(Dataset records)
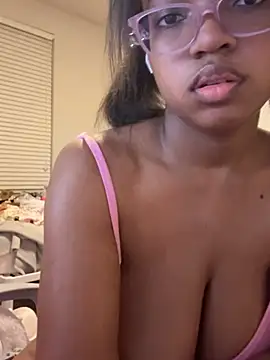 AwkwardJasminee - Oil and suck on tits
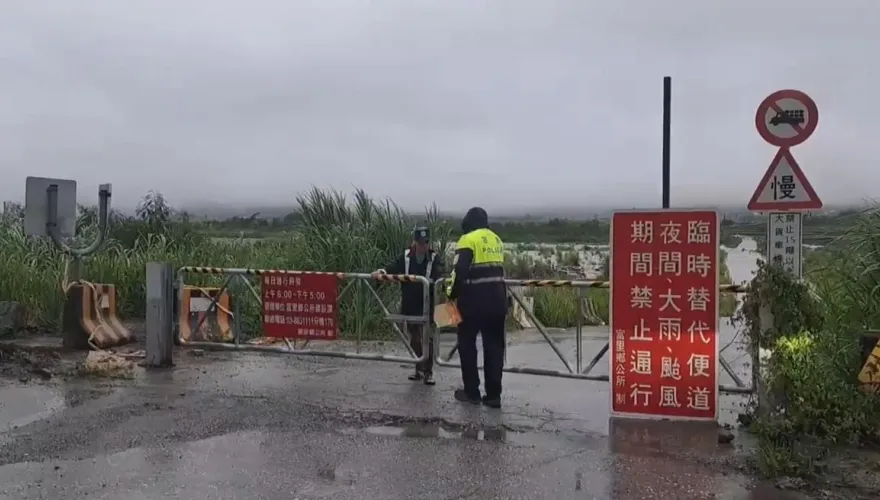 快訊/花蓮台9線「崙天大橋便道」大水滿溢無法通行　緊急封鎖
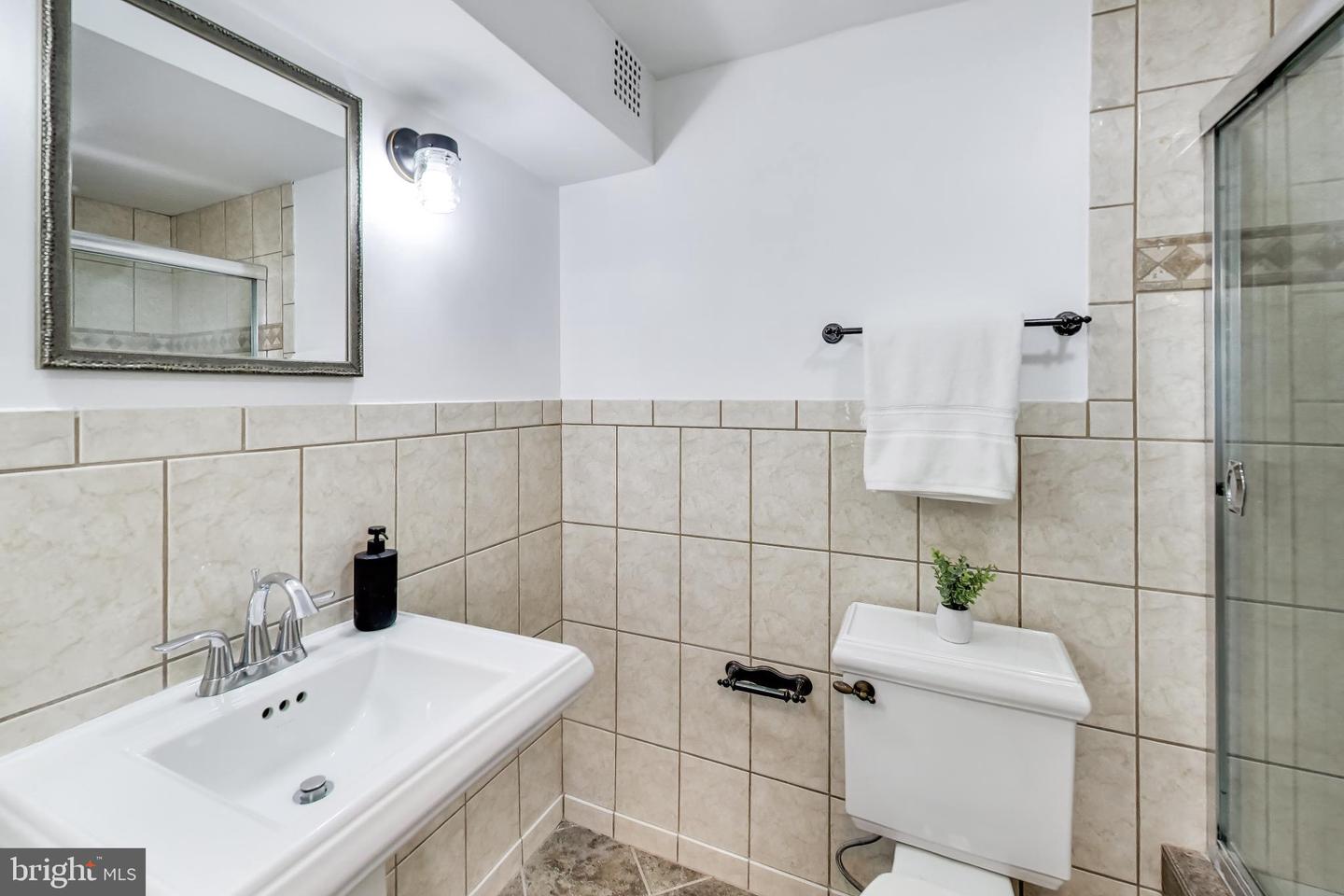 2501 Calvert St Nw #103 Property Photo 16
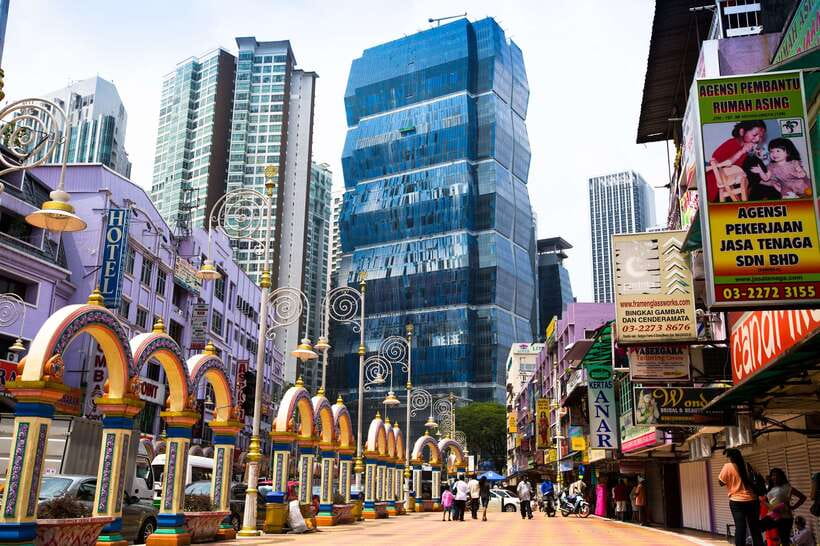 Kuala Lumpur: Street Market Exploration & Shopping Tour - Central Market, a 1937 landmark with craft stalls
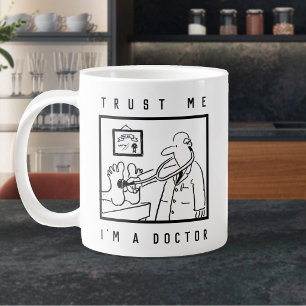 Taza De Café Gigante Médico con estetoscopio revisando pies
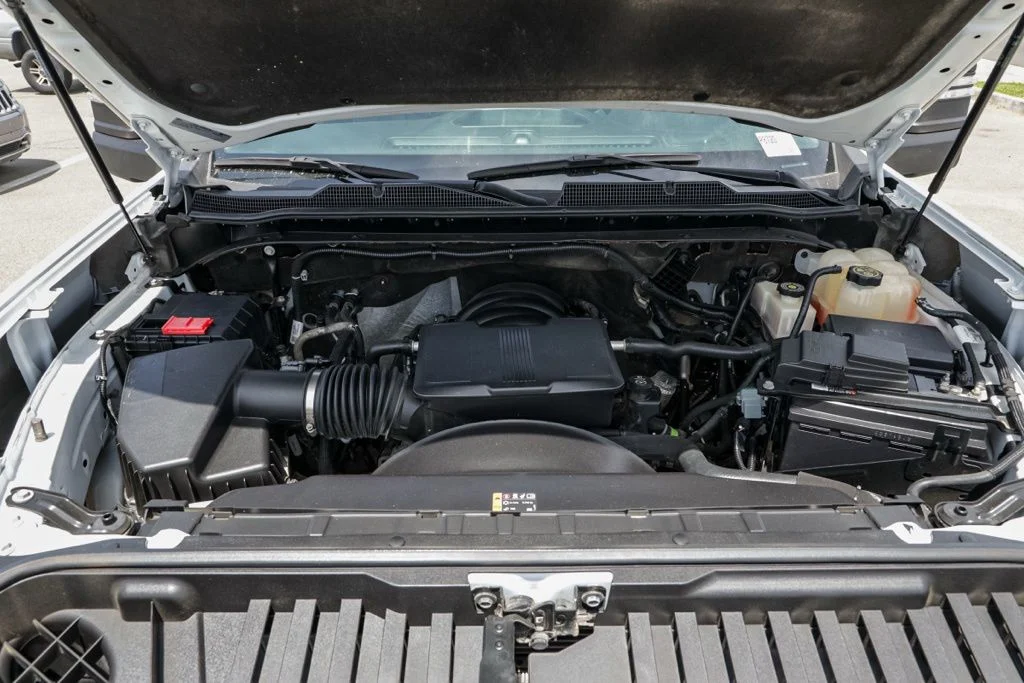 Used 2022 White Chevrolet Custom image 34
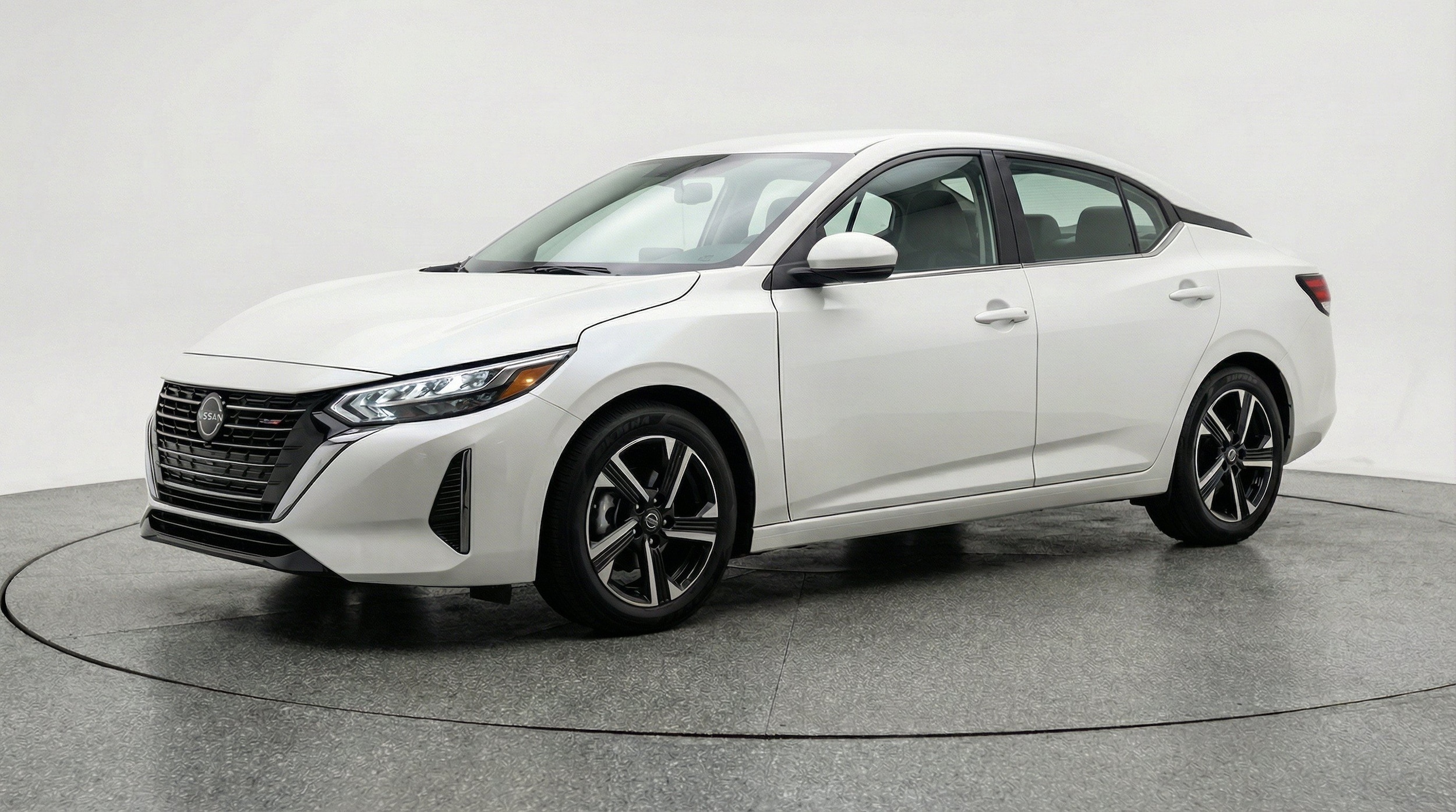 Thumbnail: 2025 Nissan Sentra - 3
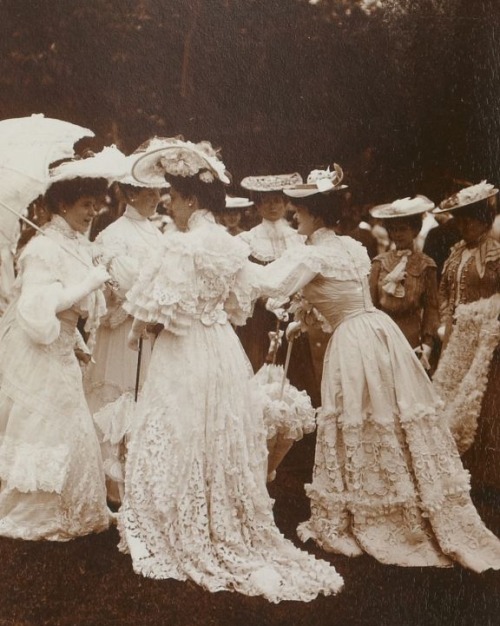 antique-royals:France ,1900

### TASK TO COMPLETE
No pictures go in the copy. Set down all the data exactly.

### EXERCISE RESULT
 AwkwardJasminee - Oil and suck on tits
 快訊/花蓮台9線「崙天大橋便道」大水滿溢無法通行　緊急封鎖
 2501 Calvert St Nw #103 Property Photo 16
 Kuala Lumpur: Street Market Exploration & Shopping Tour - Central Market, a 1937 landmark with craft stalls
 Taza De Café Gigante Médico con estetoscopio revisando pies
 Used 2022 White Chevrolet Custom image 34
 Thumbnail: 2025 Nissan Sentra - 3
 antique-royals:France ,1900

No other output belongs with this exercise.